Monday, September 04, 2006

Is This Appropriate for a Free People? #00002

Steamboat Springs [Colorado] — One of the owners of a fresh produce store said Saturday that it is absurd that two men are in jail for taking spoiled fruit and vegetables from the store’s trash area.

On Wednesday, Giles Char­lé, 24, of Somersworth, N.H., and David Siller, 27, of Wayne, Pa., pleaded guilty to misdemeanor trespass and were sentenced to spend six months in Routt County Jail and pay $15 in restitution to Sweet Pea Produce. ...They originally were charged with felony second-degree burglary and misdemeanor theft. They accepted the plea agreement offered by Assistant District Attorney Kerry St. James, they said, because they did not want to risk being convicted of a felony.

“Once I found out what these guys were being charged with, I contacted (St. James),” said Jonathon Hieb, who owns Sweet Pea with Katherine Zambrana. “I told him, ‘We’re not behind this prosecution. We don’t want anything to do with it.’ I thought for sure my input would have some kind of bearing, but he wasn’t hearing any of it.”

Hieb said St. James told him he was going to make an example of the men.

...Charlé most recently worked as a social worker. Siller is an Americorps volunteer and a yoga instructor. Both men had plans to go to graduate school, family and friends said.

...St. James also asked Judge James Garrecht to fine the men $42 for each day they serve in jail, the standard cost of care for inmates. Garrecht refused.

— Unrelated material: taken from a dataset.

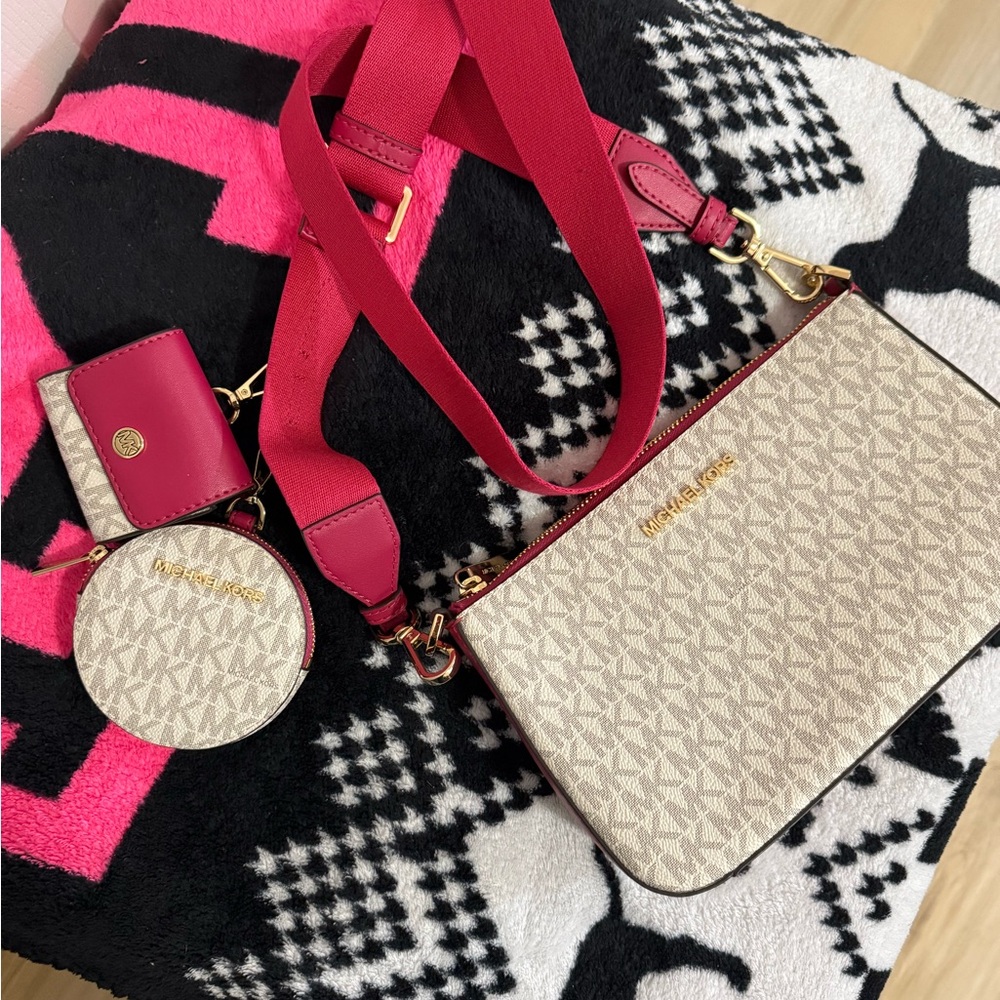 Michael Kors Cream and Burgundy Crossbody Bag Set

...Hammond, like Westphale, advised the men to plead to the misdemeanor and accept the six-month sentence.

“The way I put it to them was, ‘Could you win your case? Yes. But am I willing to gamble a felony conviction that you’re going to win? No,’” Hammond said Saturday.

Hammond said there really was no choice. If they pleaded guilty to the felony, he said, the men faced four years of supervised probation before their records would have been cleared. Also, they would have had to apply for an interstate transfer to serve their probation outside of Colorado.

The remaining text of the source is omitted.